More notably, new luxury trains, featuring special advanced facilities, quality service and high prices, have also begun to shuttle between several Chinese metropolises.

During the past four years, China has increased the speed of trains four times.

Railway officials have promised that 95 percent of the trains will run on time this year, in sharp contrast to the past when delays were common practice.

Fei Xiaofeng, a farmer from Jiangsu province who has worked for hydropower projects in Beijing for four years, said he was robbed of 3,000 yuan (US$360) when he first took a bus home on the eve of Spring Festival years ago.

"But I haven't met any robbers or thieves on the trains home for the past two years," Fei said. He added that the train ticket is now even cheaper than a bus ticket.

During the period from 1996 to 2000, China built a total of 240,000 kilometers of roads, many of which are high-quality expressways. This has provided another way for many passengers to return home.

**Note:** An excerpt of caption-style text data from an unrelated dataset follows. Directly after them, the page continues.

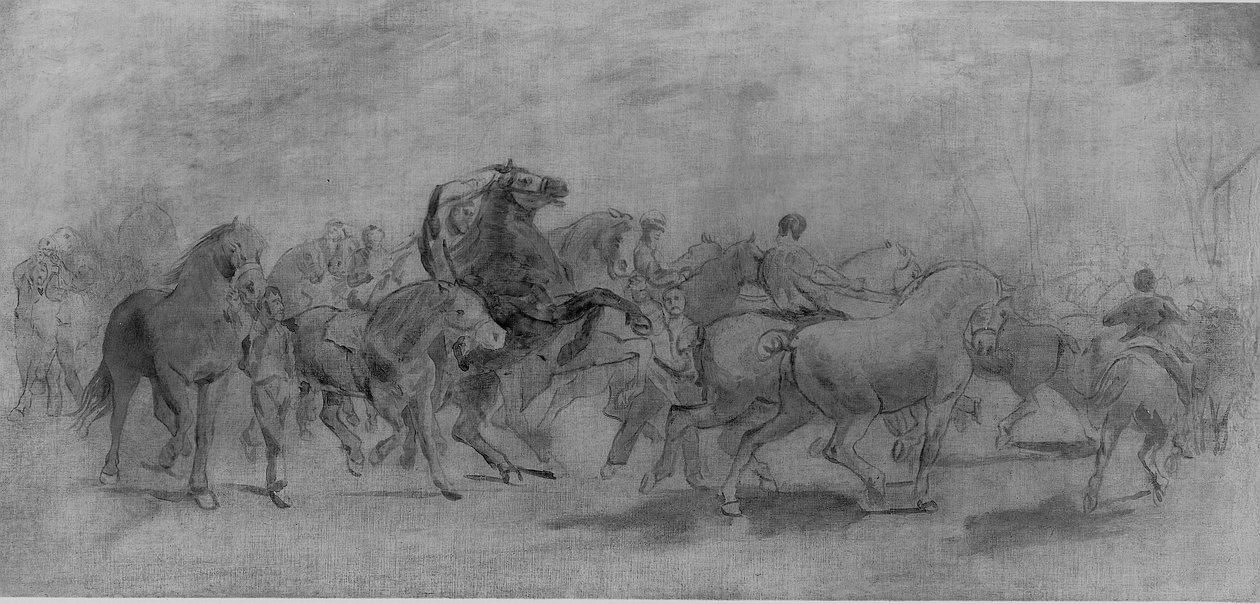 Studie pro The Horse Fair od Rosa Bonheur
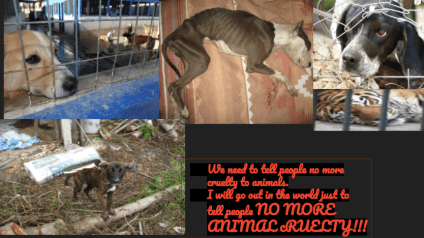 Screen Shot 2018-03-14 at 9.44.17 PM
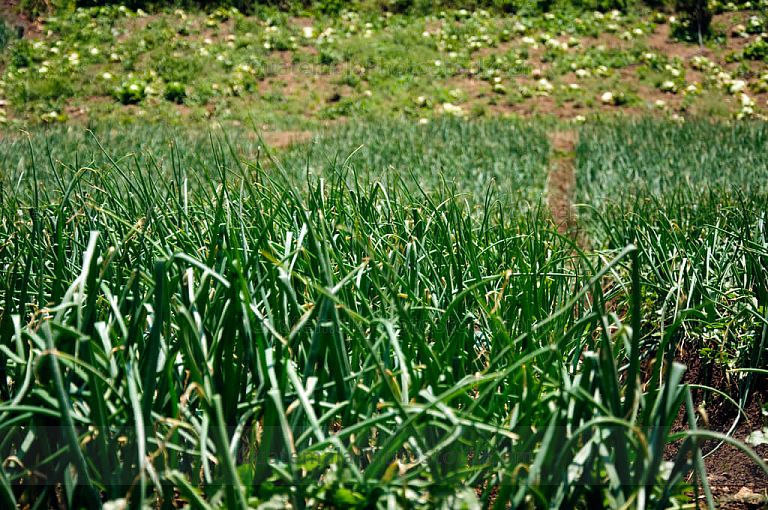 Cultivo de cebolla
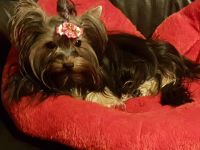 Yorkshire-Terrier Deckrüde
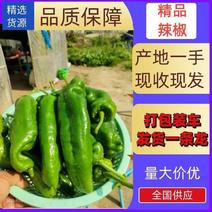 江苏东台精品鲜辣椒产地直发一手货源对接商超批发市场电商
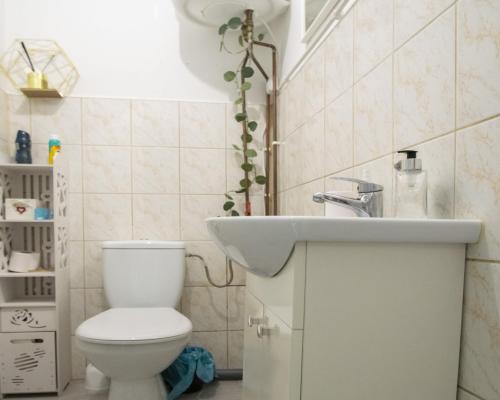 Lokal usługowy 22m2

This year, about 1.58 billion passengers will travel by bus within the peak traffic period, up four percent over the same period last year.

It may often take far less time to travel by bus on an expressway than to travel by train.

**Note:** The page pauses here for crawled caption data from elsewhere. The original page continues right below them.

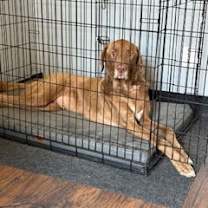 Thumbnail photo of Bogey #2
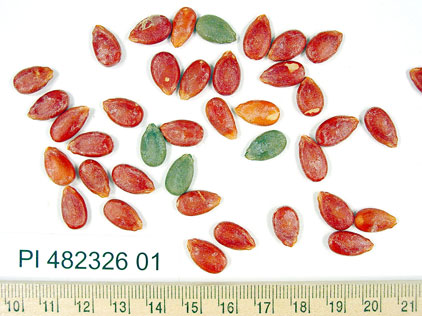 Click for 1 image(s) for this accession. SEED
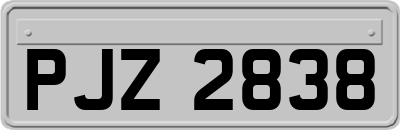 PJZ2838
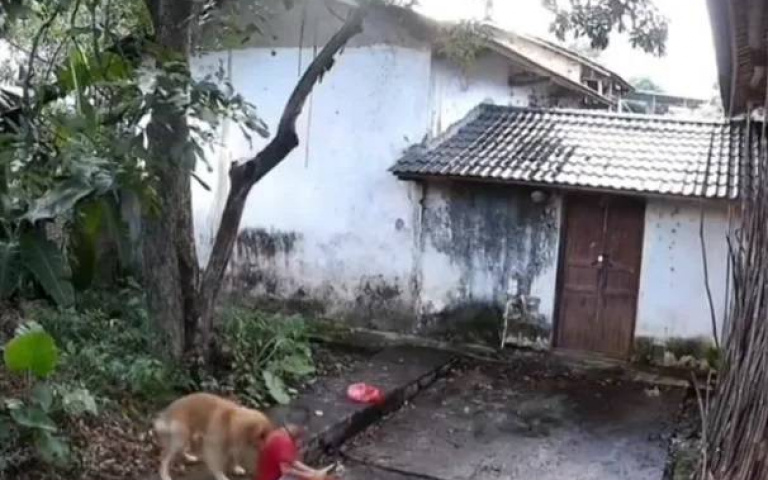 狗狗救命！阿金發狂狠咬小主人拖行　下一秒樹枝砸下網驚「差一秒就沒命」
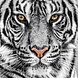 Glasschilderij Tijger wit 80x80cm Glasschilderij Tijger wit 80x80cm
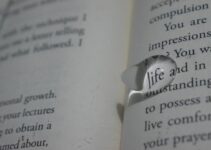 How to Find and Live Your True Life Purpose How to Find and Live Your True Life Purpose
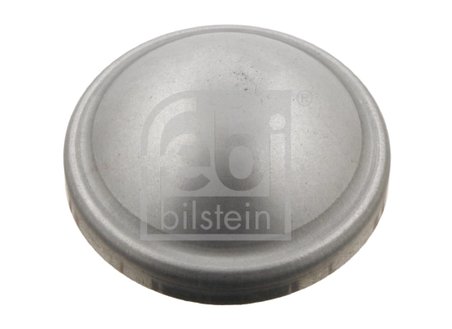 Capac rulment roata Febi Bilstein 29854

"We have started running some large luxury buses, in which the sleeping berths for men and women are separate," a communications department official said, adding that high-speed bus transport will be developed even further in future.

The air services in China have also lowered their prices gradually, and will attract an unusually higher number of passengers than normal by offering considerable discounts during this peak traffic period.

Some air services have launched special "visiting families" flights, and many migrant workers have even reserved chartered planes to go home.

China Southern Airlines, a major air company in China, will add more than 2,500 flights during the peak traffic period.

To ensure that passengers could get home safely and conveniently, local governments in Beijing, Guangdong and other places have mobilized migrant workers to return home at an earlier time so as to avoid unduly heavy traffic.

Yu Zuyao, a delegate to the National People's Congress (NPC), regarded the Spring Festival peak traffic as a humanitarian issue, saying governments have attached increasing importance to improving traffic conditions.

Mo Jihong, a researcher with the Chinese Academy of Social Sciences, said the Spring Festival peak traffic is not only closely connected with citizens' freedom in migration, but also with their personal freedom, property and abode rights.

"Spring Festival peak traffic is not only a transport project, but also highly conducive to the protection of human rights," Mo added.

In order to safeguard the passengers' interests, China recently held its first national public hearing over railway ticket pricing, which was attended by consumer representatives who played an active role in the pricing decision process.

With the hearing playing a major role in the decision-making process, the rise in railway prices for seats during this Spring Festival has been set at a maximum of 15 percent over the same period last year, not at 30 percent as formerly proposed by the Ministry of Railway.

"I never felt I was being treated warmly as a consumer when taking trains or planes in the past, but now I feel much more respected and relaxed." said Miao Lidong, a computer engineer.